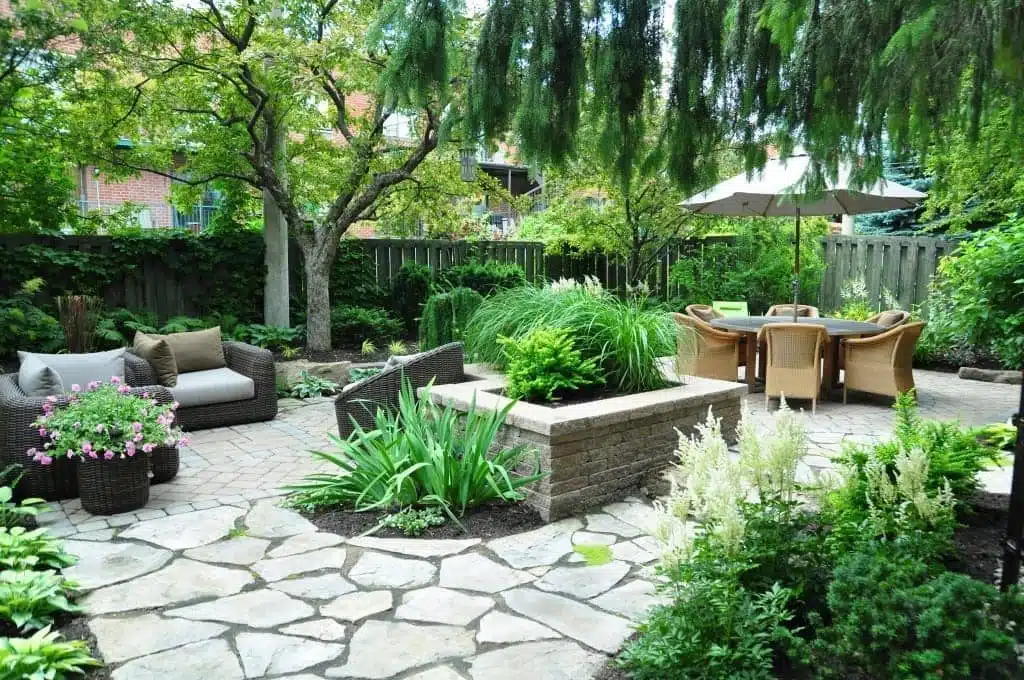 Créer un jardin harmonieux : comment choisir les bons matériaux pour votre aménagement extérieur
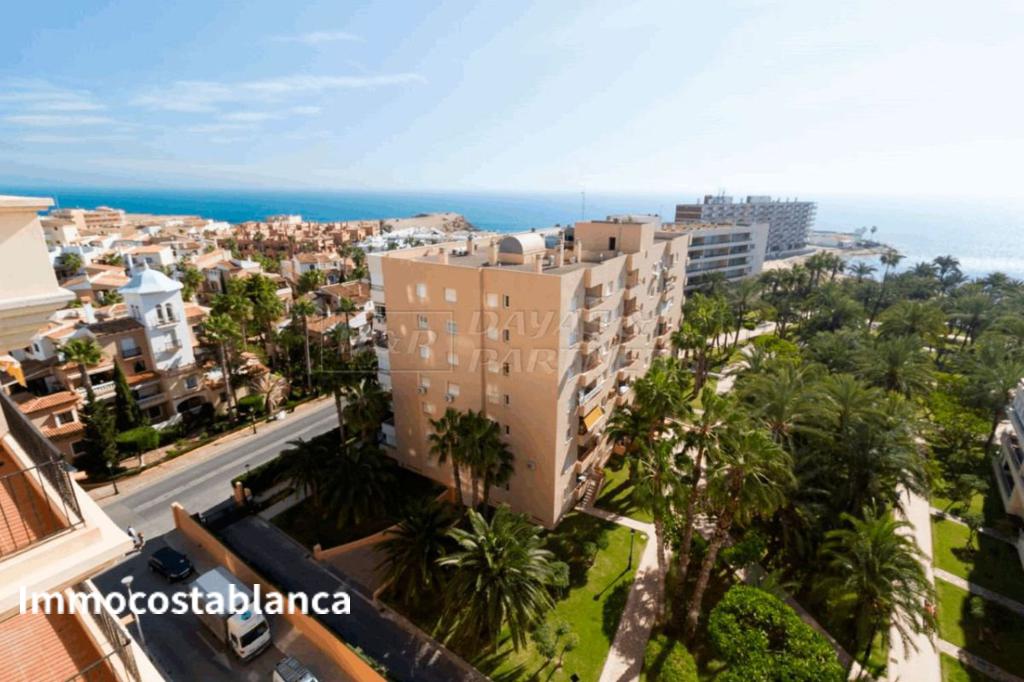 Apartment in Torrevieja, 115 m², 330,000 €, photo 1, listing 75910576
+ + + +
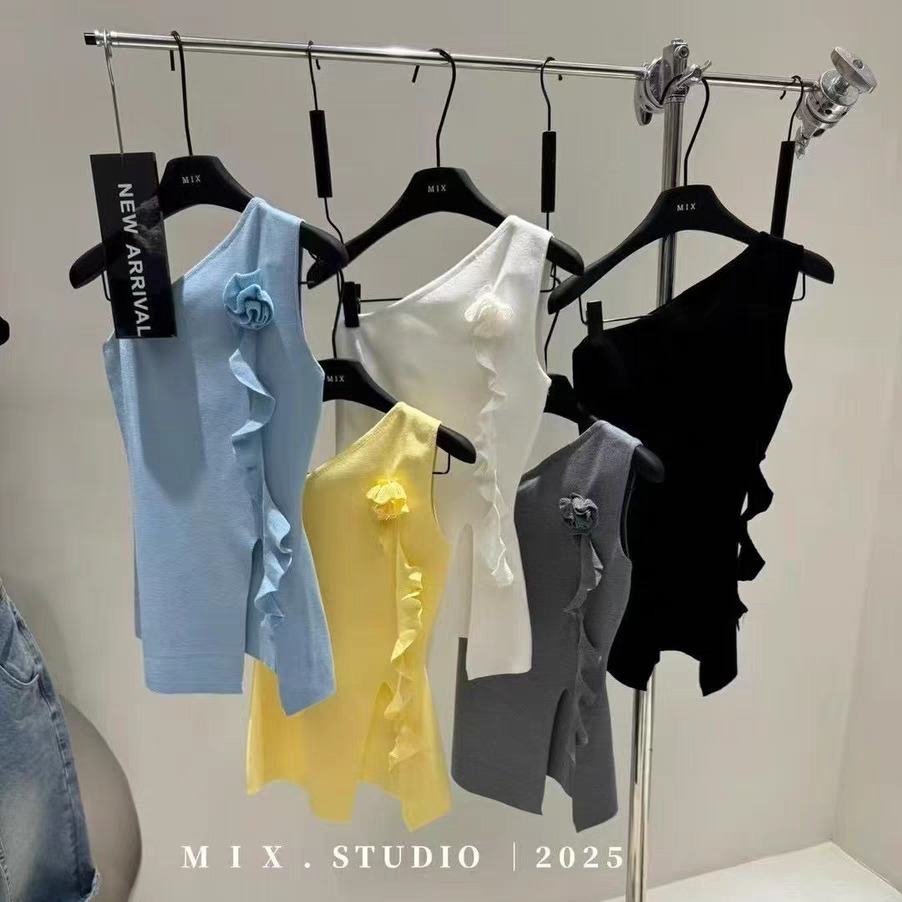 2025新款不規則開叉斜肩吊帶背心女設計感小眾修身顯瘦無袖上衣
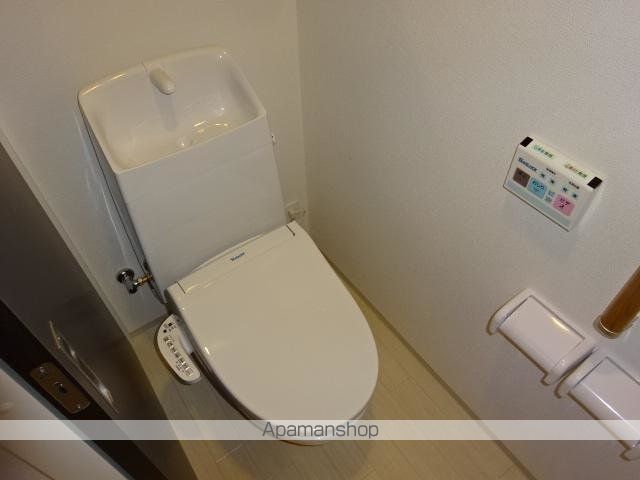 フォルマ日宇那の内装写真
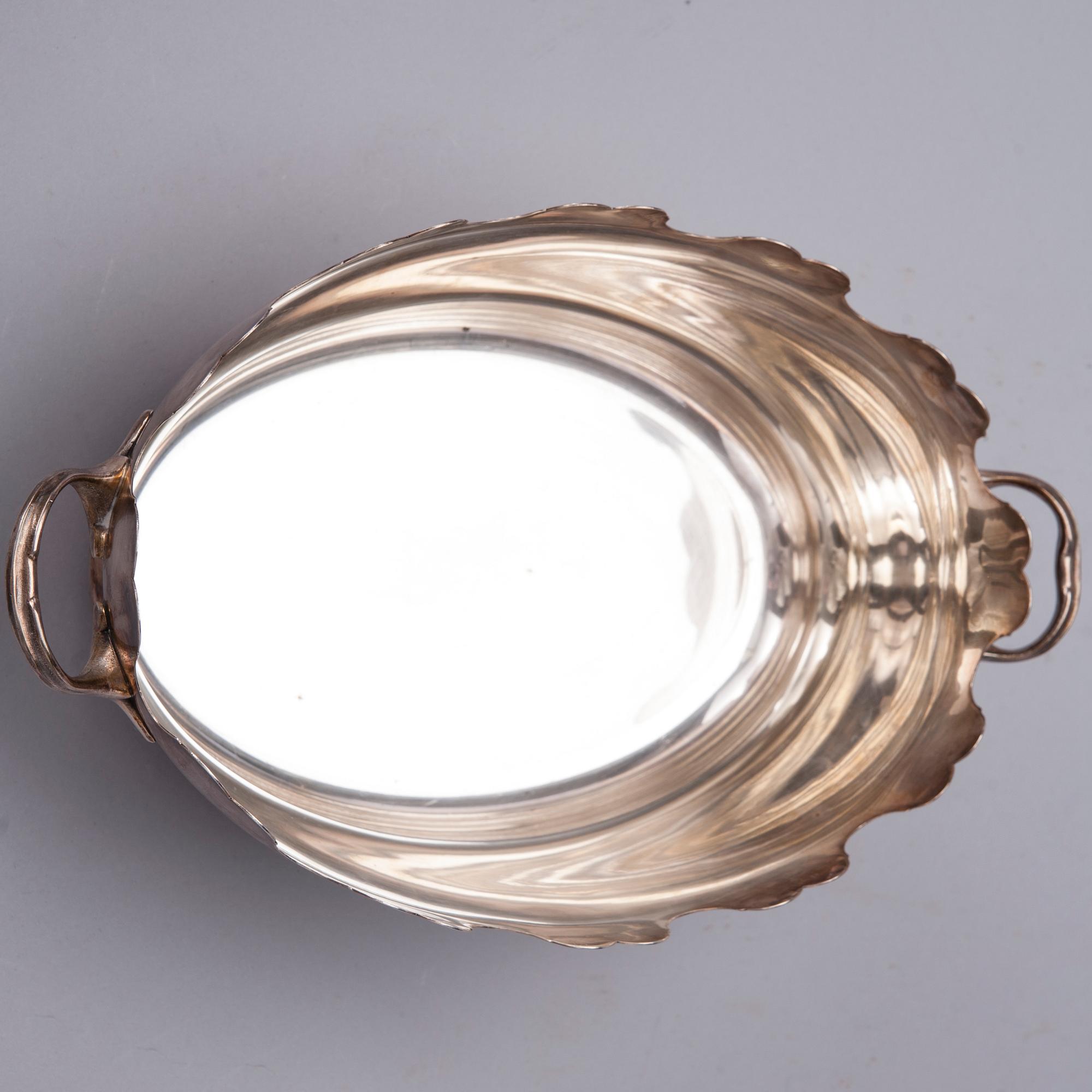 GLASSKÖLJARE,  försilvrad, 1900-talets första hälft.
+ + + +
### [Prompt]
The output is the stretch above from the line with "フォルマ日宇那の内装写真" through the line with "1900-talets första hälft.", copied word for word with both ends kept and every picture dropped.

### [Solution below]
 フォルマ日宇那の内装写真
 GLASSKÖLJARE,  försilvrad, 1900-talets första hälft.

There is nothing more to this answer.